### WHAT YOU NEED TO DO
Write each entry out again verbatim, pictures excluded.

━━━━━━

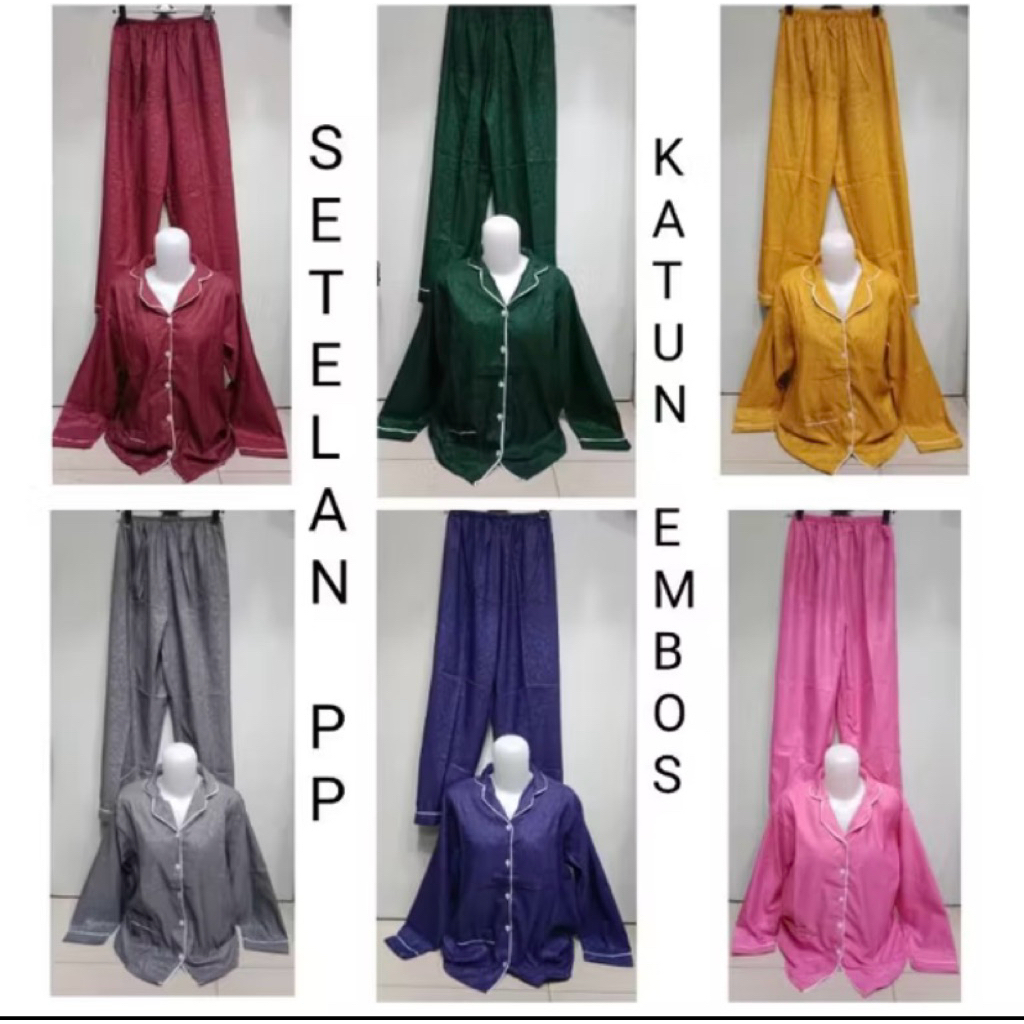 Setelan tidur katun PP / setelan tidur katun / setelan tidur panjang / baju tidur  katun panjang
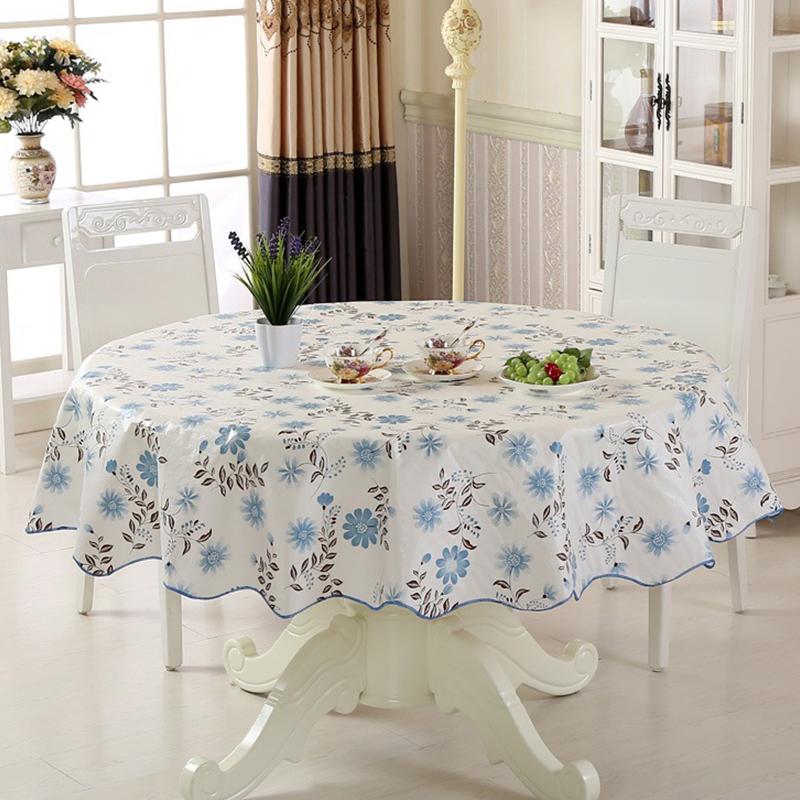 Скатерть из ПВХ-пластика, круглая скатерть в скандинавском стиле с пасторальным цветочным узором, маслостойкая водонепроницаемая кухонная скатерть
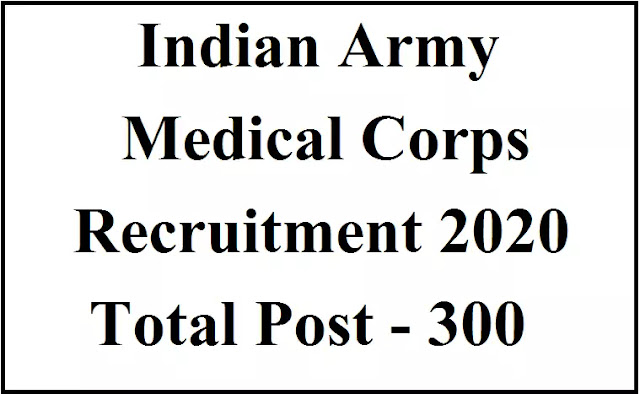 Indian Army Medical Corps Recruitment 2020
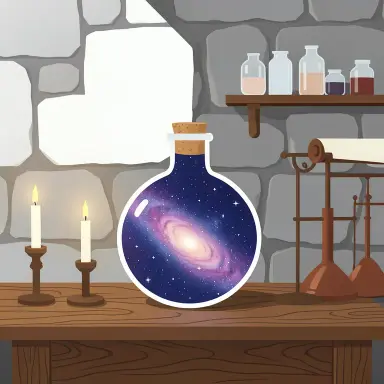 a galaxy swirling inside a glass flask in an alchemist's laboratory, minimalism style, FLUX.2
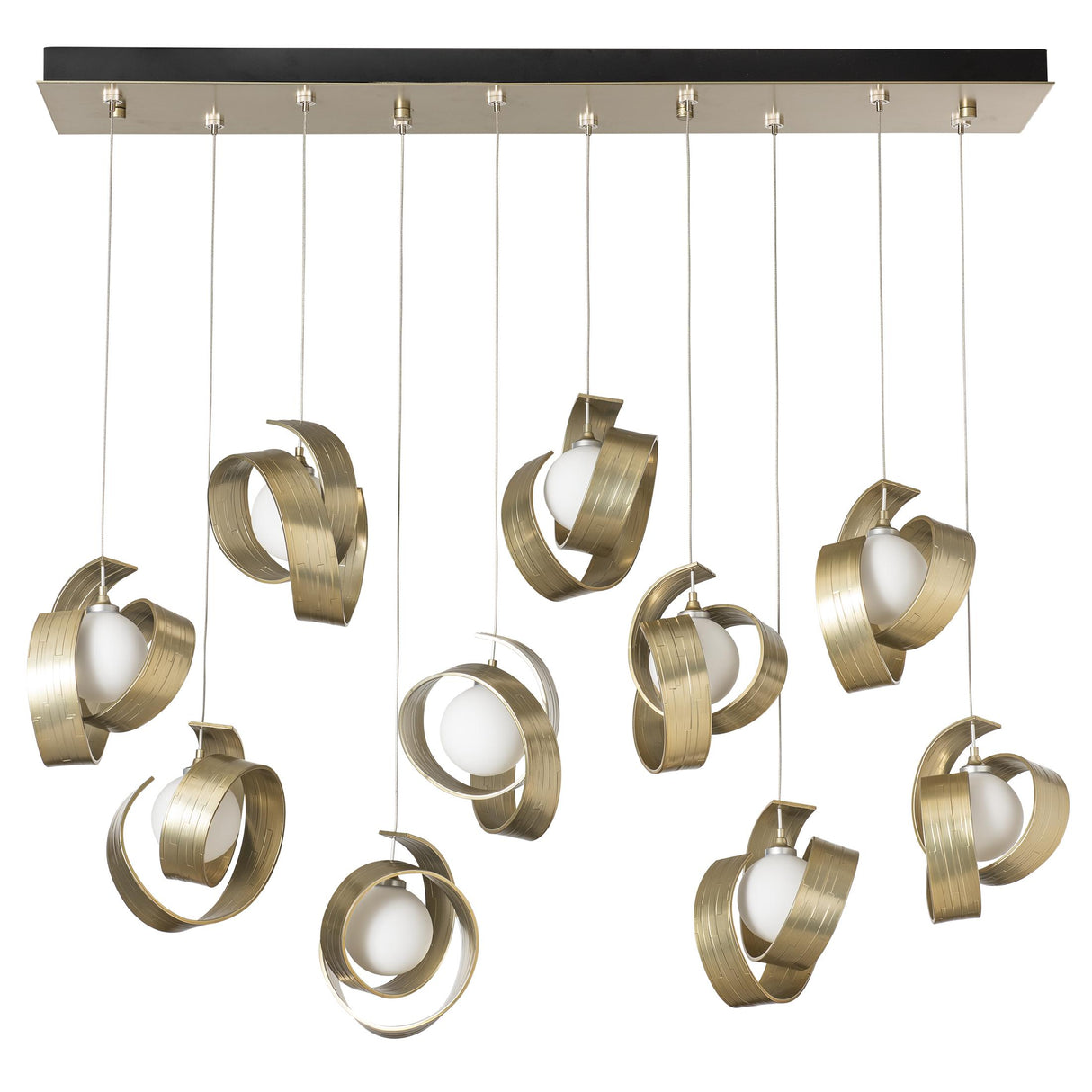 Hubbardton Forge 2023 Modern Brass Opal Glass (GG) Standard Riza 10-Light Pendant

━━━━━━

### SOLUTION BELOW
 Setelan tidur katun PP / setelan tidur katun / setelan tidur panjang / baju tidur  katun panjang
 Скатерть из ПВХ-пластика, круглая скатерть в скандинавском стиле с пасторальным цветочным узором, маслостойкая водонепроницаемая кухонная скатерть
 Indian Army Medical Corps Recruitment 2020
 a galaxy swirling inside a glass flask in an alchemist's laboratory, minimalism style, FLUX.2
 Hubbardton Forge 2023 Modern Brass Opal Glass (GG) Standard Riza 10-Light Pendant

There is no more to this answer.